Work to complete: These records must be written out again exactly.

─── Material for this exercise ───

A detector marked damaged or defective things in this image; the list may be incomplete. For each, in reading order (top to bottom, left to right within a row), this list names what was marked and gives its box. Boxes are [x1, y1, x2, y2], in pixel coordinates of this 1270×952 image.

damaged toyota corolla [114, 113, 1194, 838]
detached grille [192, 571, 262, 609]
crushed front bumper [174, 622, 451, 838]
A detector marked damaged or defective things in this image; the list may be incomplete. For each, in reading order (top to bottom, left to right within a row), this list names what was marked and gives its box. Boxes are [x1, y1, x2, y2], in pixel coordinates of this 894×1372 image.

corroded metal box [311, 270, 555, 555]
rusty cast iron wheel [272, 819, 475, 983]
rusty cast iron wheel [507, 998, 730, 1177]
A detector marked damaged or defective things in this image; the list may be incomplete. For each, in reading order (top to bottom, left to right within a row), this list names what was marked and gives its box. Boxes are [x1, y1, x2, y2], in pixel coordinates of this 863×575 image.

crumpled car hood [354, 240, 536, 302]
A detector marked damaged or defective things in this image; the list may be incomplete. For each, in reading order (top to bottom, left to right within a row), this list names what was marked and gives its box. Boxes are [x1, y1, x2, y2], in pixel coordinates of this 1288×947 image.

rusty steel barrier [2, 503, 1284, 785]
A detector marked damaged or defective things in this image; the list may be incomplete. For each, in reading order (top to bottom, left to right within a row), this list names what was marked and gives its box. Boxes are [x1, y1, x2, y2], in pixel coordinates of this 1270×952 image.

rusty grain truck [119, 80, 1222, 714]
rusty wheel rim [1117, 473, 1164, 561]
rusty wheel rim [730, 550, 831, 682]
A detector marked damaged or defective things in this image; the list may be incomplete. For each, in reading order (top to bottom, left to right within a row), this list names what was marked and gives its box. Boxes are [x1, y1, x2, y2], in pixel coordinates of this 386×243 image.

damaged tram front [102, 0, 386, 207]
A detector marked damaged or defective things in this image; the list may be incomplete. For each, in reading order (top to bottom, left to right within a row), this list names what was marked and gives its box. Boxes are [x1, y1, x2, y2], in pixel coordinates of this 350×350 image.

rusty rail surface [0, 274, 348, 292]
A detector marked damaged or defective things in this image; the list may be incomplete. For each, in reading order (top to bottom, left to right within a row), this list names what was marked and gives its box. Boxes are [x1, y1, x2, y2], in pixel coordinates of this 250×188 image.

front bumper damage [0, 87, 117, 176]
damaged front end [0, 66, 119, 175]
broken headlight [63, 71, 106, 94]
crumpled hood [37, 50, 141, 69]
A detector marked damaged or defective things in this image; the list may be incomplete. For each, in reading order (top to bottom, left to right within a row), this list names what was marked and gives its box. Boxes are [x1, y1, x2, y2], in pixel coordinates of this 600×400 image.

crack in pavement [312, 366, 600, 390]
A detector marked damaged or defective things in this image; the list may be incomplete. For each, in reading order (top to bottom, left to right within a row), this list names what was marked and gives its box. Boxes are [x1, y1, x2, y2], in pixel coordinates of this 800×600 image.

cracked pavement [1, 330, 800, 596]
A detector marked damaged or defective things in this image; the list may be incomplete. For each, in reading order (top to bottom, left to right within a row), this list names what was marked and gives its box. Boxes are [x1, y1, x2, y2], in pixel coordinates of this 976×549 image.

───

Answer space:
A detector marked damaged or defective things in this image; the list may be incomplete. For each, in reading order (top to bottom, left to right within a row), this list names what was marked and gives its box. Boxes are [x1, y1, x2, y2], in pixel coordinates of this 1270×952 image.

damaged toyota corolla [114, 113, 1194, 838]
detached grille [192, 571, 262, 609]
crushed front bumper [174, 622, 451, 838]
A detector marked damaged or defective things in this image; the list may be incomplete. For each, in reading order (top to bottom, left to right within a row), this list names what was marked and gives its box. Boxes are [x1, y1, x2, y2], in pixel coordinates of this 894×1372 image.

corroded metal box [311, 270, 555, 555]
rusty cast iron wheel [272, 819, 475, 983]
rusty cast iron wheel [507, 998, 730, 1177]
A detector marked damaged or defective things in this image; the list may be incomplete. For each, in reading order (top to bottom, left to right within a row), this list names what was marked and gives its box. Boxes are [x1, y1, x2, y2], in pixel coordinates of this 863×575 image.

crumpled car hood [354, 240, 536, 302]
A detector marked damaged or defective things in this image; the list may be incomplete. For each, in reading order (top to bottom, left to right within a row), this list names what was marked and gives its box. Boxes are [x1, y1, x2, y2], in pixel coordinates of this 1288×947 image.

rusty steel barrier [2, 503, 1284, 785]
A detector marked damaged or defective things in this image; the list may be incomplete. For each, in reading order (top to bottom, left to right within a row), this list names what was marked and gives its box. Boxes are [x1, y1, x2, y2], in pixel coordinates of this 1270×952 image.

rusty grain truck [119, 80, 1222, 714]
rusty wheel rim [1117, 473, 1164, 561]
rusty wheel rim [730, 550, 831, 682]
A detector marked damaged or defective things in this image; the list may be incomplete. For each, in reading order (top to bottom, left to right within a row), this list names what was marked and gives its box. Boxes are [x1, y1, x2, y2], in pixel coordinates of this 386×243 image.

damaged tram front [102, 0, 386, 207]
A detector marked damaged or defective things in this image; the list may be incomplete. For each, in reading order (top to bottom, left to right within a row), this list names what was marked and gives its box. Boxes are [x1, y1, x2, y2], in pixel coordinates of this 350×350 image.

rusty rail surface [0, 274, 348, 292]
A detector marked damaged or defective things in this image; the list may be incomplete. For each, in reading order (top to bottom, left to right within a row), this list names what was marked and gives its box. Boxes are [x1, y1, x2, y2], in pixel coordinates of this 250×188 image.

front bumper damage [0, 87, 117, 176]
damaged front end [0, 66, 119, 175]
broken headlight [63, 71, 106, 94]
crumpled hood [37, 50, 141, 69]
A detector marked damaged or defective things in this image; the list may be incomplete. For each, in reading order (top to bottom, left to right within a row), this list names what was marked and gives its box. Boxes are [x1, y1, x2, y2], in pixel coordinates of this 600×400 image.

crack in pavement [312, 366, 600, 390]
A detector marked damaged or defective things in this image; the list may be incomplete. For each, in reading order (top to bottom, left to right within a row), this list names what was marked and gives its box. Boxes are [x1, y1, x2, y2], in pixel coordinates of this 800×600 image.

cracked pavement [1, 330, 800, 596]
A detector marked damaged or defective things in this image; the list may be incomplete. For each, in reading order (top to bottom, left to right within a row), this list names what was marked and gives its box. Boxes are [x1, y1, x2, y2], in pixel coordinates of this 976×549 image.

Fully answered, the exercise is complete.